§ Exercise: Transcribe all the entries word for word, skipping the pictures.

§ Extracted information:
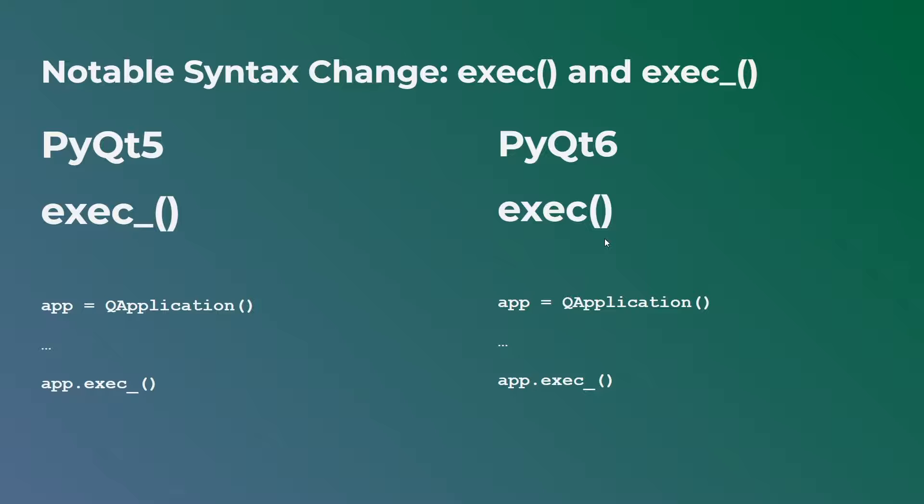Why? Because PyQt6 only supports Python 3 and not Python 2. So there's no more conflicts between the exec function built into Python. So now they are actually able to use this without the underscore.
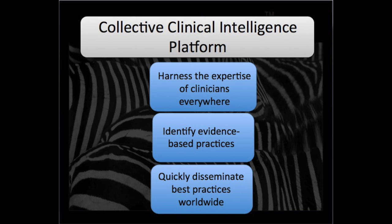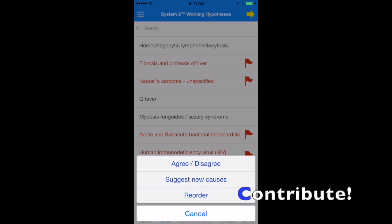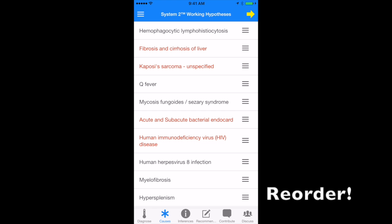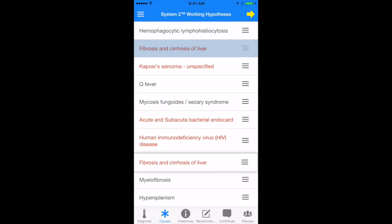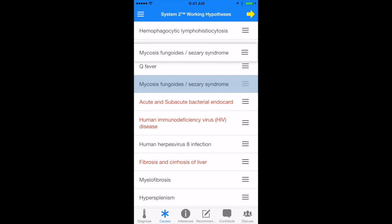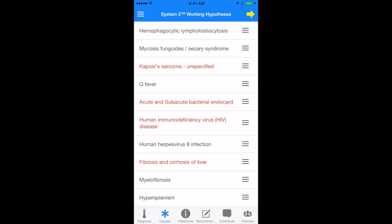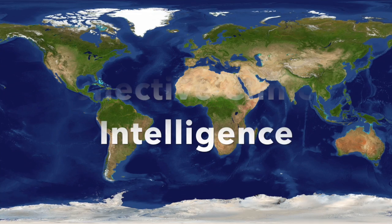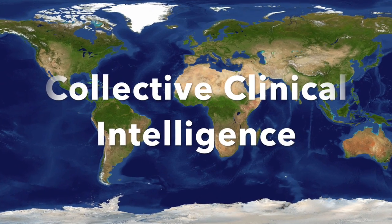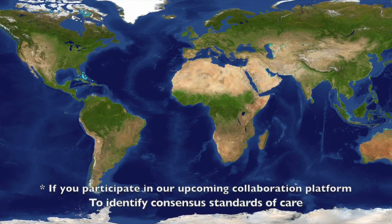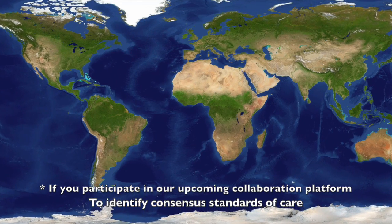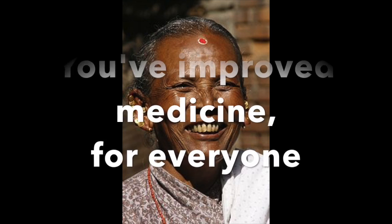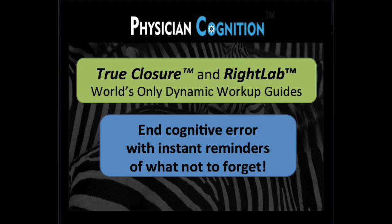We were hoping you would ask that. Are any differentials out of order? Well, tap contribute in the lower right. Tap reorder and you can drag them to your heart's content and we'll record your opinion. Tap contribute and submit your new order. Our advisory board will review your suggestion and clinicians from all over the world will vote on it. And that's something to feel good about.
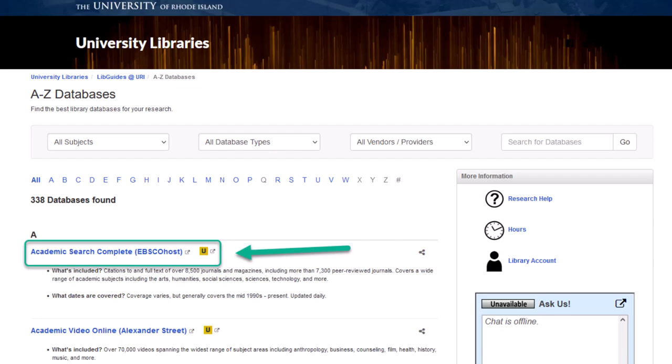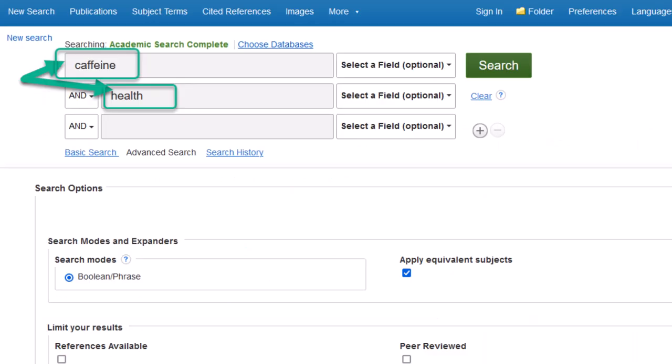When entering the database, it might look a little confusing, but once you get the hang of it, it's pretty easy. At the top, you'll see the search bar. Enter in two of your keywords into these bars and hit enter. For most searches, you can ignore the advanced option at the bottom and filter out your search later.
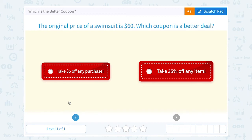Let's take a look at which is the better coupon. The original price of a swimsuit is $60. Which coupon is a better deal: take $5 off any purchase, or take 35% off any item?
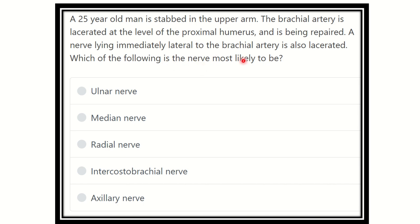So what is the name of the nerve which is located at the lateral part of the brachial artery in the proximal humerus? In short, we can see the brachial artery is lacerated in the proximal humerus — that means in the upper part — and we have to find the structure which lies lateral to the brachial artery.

§ Task output:
Why? Because PyQt6 only supports Python 3 and not Python 2. So there's no more conflicts between the exec function built into Python. So now they are actually able to use this without the underscore.
We were hoping you would ask that. Are any differentials out of order? Well, tap contribute in the lower right. Tap reorder and you can drag them to your heart's content and we'll record your opinion. Tap contribute and submit your new order. Our advisory board will review your suggestion and clinicians from all over the world will vote on it. And that's something to feel good about.
When entering the database, it might look a little confusing, but once you get the hang of it, it's pretty easy. At the top, you'll see the search bar. Enter in two of your keywords into these bars and hit enter. For most searches, you can ignore the advanced option at the bottom and filter out your search later.
Let's take a look at which is the better coupon. The original price of a swimsuit is $60. Which coupon is a better deal: take $5 off any purchase, or take 35% off any item?
So what is the name of the nerve which is located at the lateral part of the brachial artery in the proximal humerus? In short, we can see the brachial artery is lacerated in the proximal humerus — that means in the upper part — and we have to find the structure which lies lateral to the brachial artery.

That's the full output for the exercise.